The data below should be restated word for word, with every picture omitted.

> _Data provided_:
----

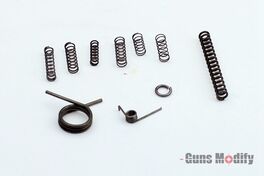 Guns Modify Tokyo Marui MWS GBBR Airsoft Trigger Box Complete Springs Set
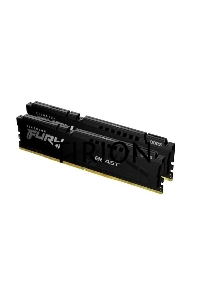 Оперативная память Kingston Fury Beast, DDR5, 32GB (2x16GB), 5600MHz, CL40, с радиаторами, черный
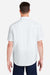 Huk H150183 Mens Creekbed Short Sleeve Button Down Shirt White Model Back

----

> _Answer_:
 Guns Modify Tokyo Marui MWS GBBR Airsoft Trigger Box Complete Springs Set
 Оперативная память Kingston Fury Beast, DDR5, 32GB (2x16GB), 5600MHz, CL40, с радиаторами, черный
 Huk H150183 Mens Creekbed Short Sleeve Button Down Shirt White Model Back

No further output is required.